- Oil futures are being traded well above double bottom neckline
- Chinese central bank announced additional money supply, IEA upgraded demand forecast for oil
- Oil poised for short term correction that provides buy-on-dips opportunity
Bullish sentiment is being witnessed in crude oil futures for March delivery after demand optimism and recent credit action by Chinese central bank amid growth concerns about Asia’s largest economy.
At the moment of writing oil is being traded at $94.65 per barrel during Asian session with an immediate support seen around $94.52, 100 Simple Moving Average (SMA) at four hour timeframe. A break and four hour closing below this support shall be targeting 93.84 as shown in the following chart.

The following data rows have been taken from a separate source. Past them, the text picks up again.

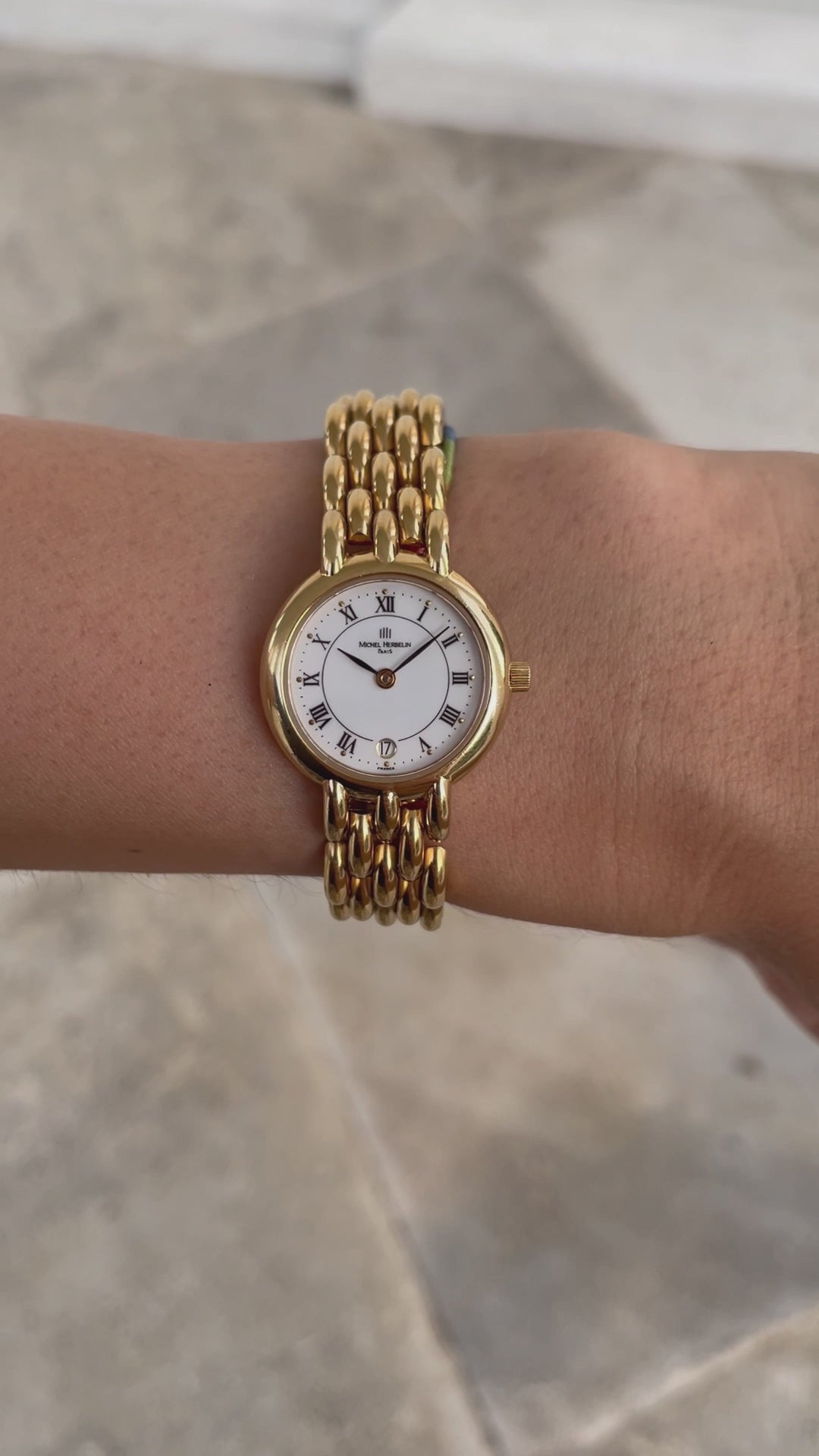 Michel Herbelin Vintage Ladies Cocktail Watch, Wrist Shot Video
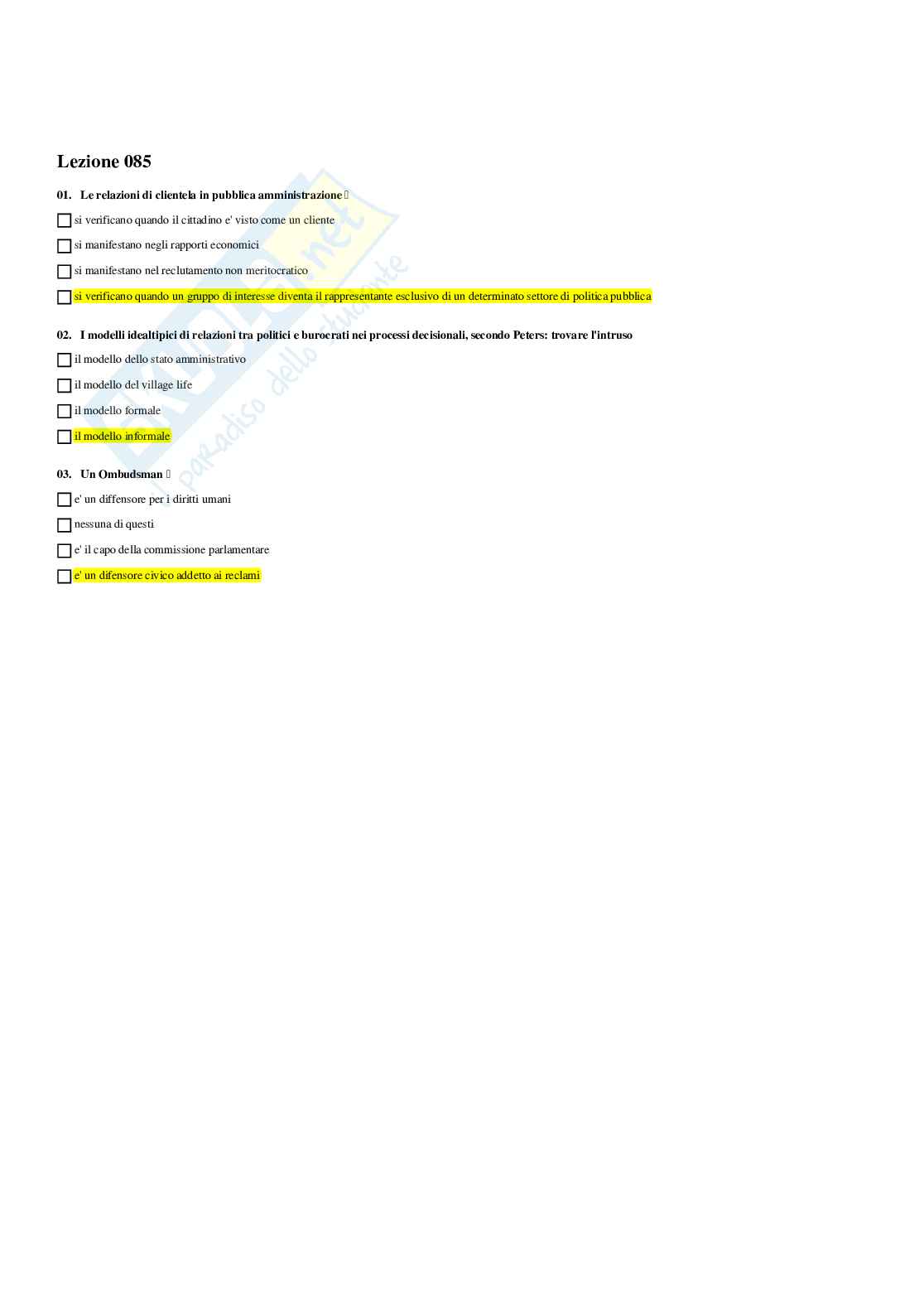 Paniere di metodologia e tecniche della ricerca politica - risposte multiple Pag. 76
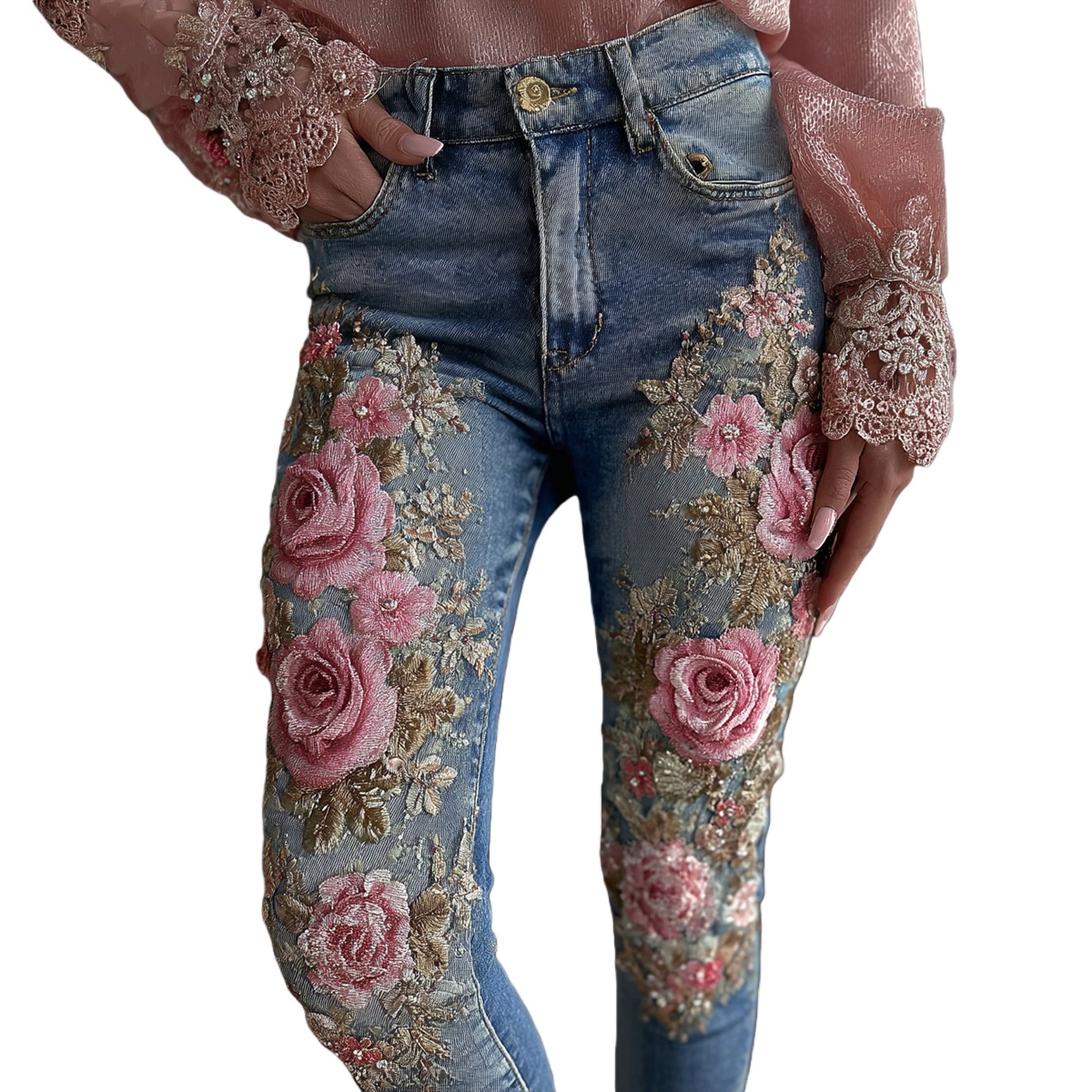 Retro Floral Print Jeans High Waist Slim Imitation Jeans Elegant Casual Trousers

It is pertinent that crude oil has recently printed Higher High (HH) which ultimately turned our short and medium term bias into bullish. The commodity is likely to show some correction up to 93.84 before resuming further upside movement. A rebound from 93.84 will result in Higher Low (HL), an additional confirmation about bullish continuity.

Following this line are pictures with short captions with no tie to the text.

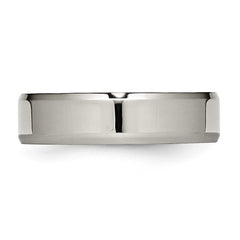 Chisel Titanium Polished 6mm Beveled Edge Band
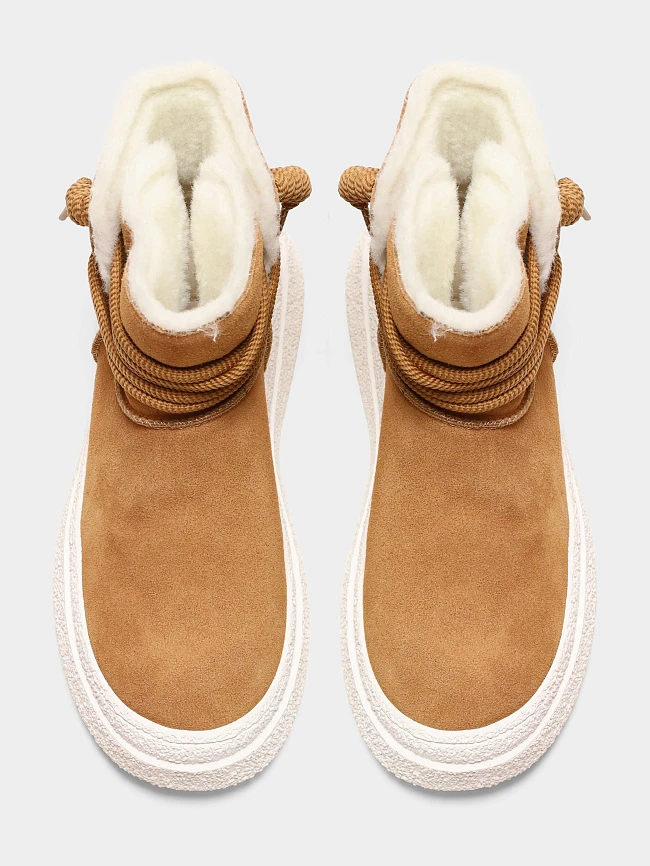 Полусапоги женские зимние, цвет рыжий, натуральный спилок 3630340M | 5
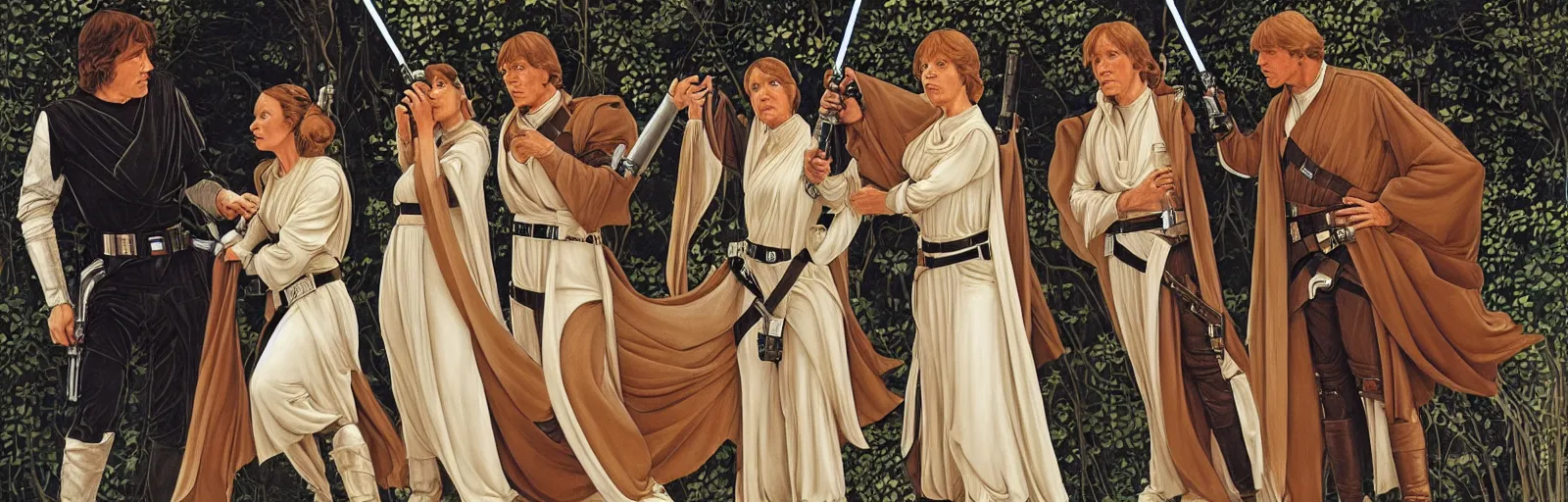 Image similar to luke skywalker, princess leia and han solo in return of the jedi, by sandro botticelli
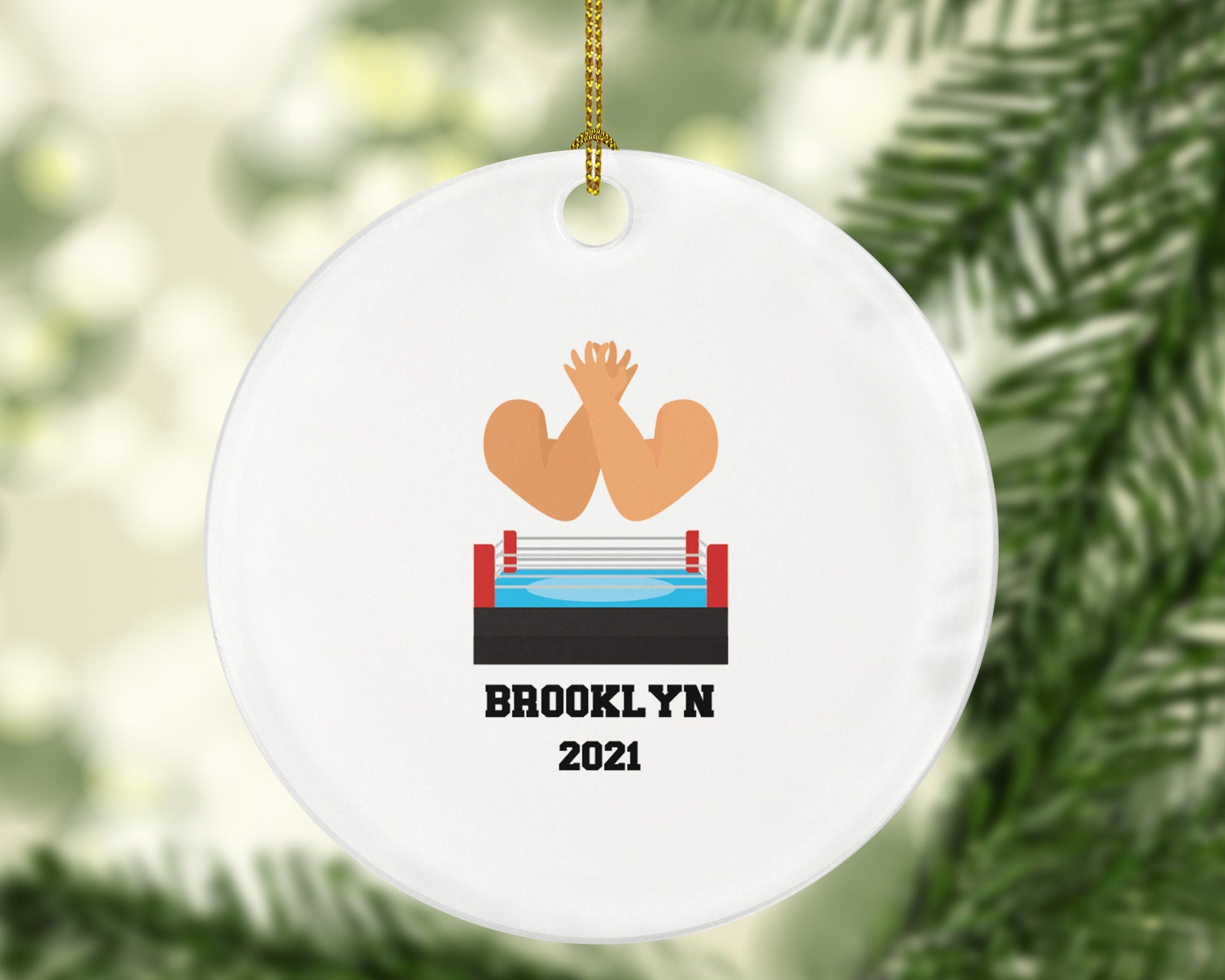 Wrestling Christmas Ornament Personalized - Wrestling Team Custom Gift - Wrestler Ornament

Earlier the black gold had formed a classic double bottom pattern that can be shown in the following chart.
The neckline (the highest point between two lows) is at $93.35 which shall now act as critical support level. The commodity may target $100.74 in coming weeks that will complete this double bottom price pattern.
In light of above mentioned price action signals, buying at 93.85 with a stop at 93.00, just below 55 MA and double bottom neckline, can be a good option. An initial target may be $98.48 and final target $101.00 just as pictured below;
Earlier two important developments reinforced bullish sentiment in crude oil that were China’s credit injection announcement and increased demand forecast for crude oil.
Keeping in view the concerns about China’s slow growth after country’s quarterly growth report remained below expectations; Chinese central bank announced on Tuesday that it would inject additional funds into financial system that in turn reduced fears about credit squeeze.
International Energy Agency (IEA) also increased its forecast for crude oil demand during the course of current year. The agency now sees daily crude oil demand at 92.5 million barrels every day compared to previous estimate of 90,000 barrels daily. Paris based energy agency also noted increased crude oil production in the US last year which was 990,000 barrels daily, significantly higher than previous year.
“The US crude oil supply witnessed one of the highest 12-year gains ever recorded in any country; this has helped in offsetting supply concerns from Iran and Libya,” agency said in its report.
Later this month FOMC policy makers are scheduled to gather in monetary policy meeting in which they may announce more trimming in monthly stimulus, according to median view of many analysts. More tapering in Quantitative Easing (QE) will strengthen the greenback and in turn increase pressure on commodities including crude oil. FOMC agreed on $10 billion tapering of stimulus in December meeting.